- Task requirements:
Going from the line that contains "Chanel Classic Flap" down to the last line in the listing below, reproduce every line exactly and include no others.
════
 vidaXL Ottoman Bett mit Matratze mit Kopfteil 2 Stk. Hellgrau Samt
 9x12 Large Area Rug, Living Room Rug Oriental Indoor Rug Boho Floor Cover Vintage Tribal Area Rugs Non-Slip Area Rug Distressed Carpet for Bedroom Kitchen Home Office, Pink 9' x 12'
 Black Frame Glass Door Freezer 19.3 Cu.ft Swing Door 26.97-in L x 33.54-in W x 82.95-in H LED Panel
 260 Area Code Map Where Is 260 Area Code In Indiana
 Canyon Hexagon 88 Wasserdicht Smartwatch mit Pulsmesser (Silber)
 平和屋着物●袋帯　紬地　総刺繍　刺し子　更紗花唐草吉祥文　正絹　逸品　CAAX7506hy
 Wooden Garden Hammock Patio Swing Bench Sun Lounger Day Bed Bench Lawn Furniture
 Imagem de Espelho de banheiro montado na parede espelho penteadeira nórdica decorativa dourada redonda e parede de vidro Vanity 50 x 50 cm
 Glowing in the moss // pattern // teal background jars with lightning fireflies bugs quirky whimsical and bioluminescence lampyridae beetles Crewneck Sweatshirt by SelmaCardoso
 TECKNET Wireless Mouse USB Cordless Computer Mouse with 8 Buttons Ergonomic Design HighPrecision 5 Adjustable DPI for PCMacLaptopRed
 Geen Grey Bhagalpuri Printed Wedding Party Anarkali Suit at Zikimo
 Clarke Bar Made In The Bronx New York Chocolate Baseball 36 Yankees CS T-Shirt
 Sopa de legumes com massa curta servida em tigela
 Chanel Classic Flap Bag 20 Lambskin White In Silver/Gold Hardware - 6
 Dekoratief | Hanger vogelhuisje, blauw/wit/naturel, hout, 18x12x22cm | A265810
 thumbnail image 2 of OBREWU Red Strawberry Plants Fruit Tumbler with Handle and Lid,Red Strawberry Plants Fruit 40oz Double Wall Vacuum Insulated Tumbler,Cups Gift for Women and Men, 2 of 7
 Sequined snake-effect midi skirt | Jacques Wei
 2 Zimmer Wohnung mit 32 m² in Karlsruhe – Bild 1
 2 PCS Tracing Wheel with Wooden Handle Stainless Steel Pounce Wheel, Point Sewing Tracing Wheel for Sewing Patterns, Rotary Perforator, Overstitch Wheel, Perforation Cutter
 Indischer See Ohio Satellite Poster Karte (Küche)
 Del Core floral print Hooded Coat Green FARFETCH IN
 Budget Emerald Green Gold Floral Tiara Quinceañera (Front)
════
- Answer space:
 Chanel Classic Flap Bag 20 Lambskin White In Silver/Gold Hardware - 6
 Dekoratief | Hanger vogelhuisje, blauw/wit/naturel, hout, 18x12x22cm | A265810
 thumbnail image 2 of OBREWU Red Strawberry Plants Fruit Tumbler with Handle and Lid,Red Strawberry Plants Fruit 40oz Double Wall Vacuum Insulated Tumbler,Cups Gift for Women and Men, 2 of 7
 Sequined snake-effect midi skirt | Jacques Wei
 2 Zimmer Wohnung mit 32 m² in Karlsruhe – Bild 1
 2 PCS Tracing Wheel with Wooden Handle Stainless Steel Pounce Wheel, Point Sewing Tracing Wheel for Sewing Patterns, Rotary Perforator, Overstitch Wheel, Perforation Cutter
 Indischer See Ohio Satellite Poster Karte (Küche)
 Del Core floral print Hooded Coat Green FARFETCH IN
 Budget Emerald Green Gold Floral Tiara Quinceañera (Front)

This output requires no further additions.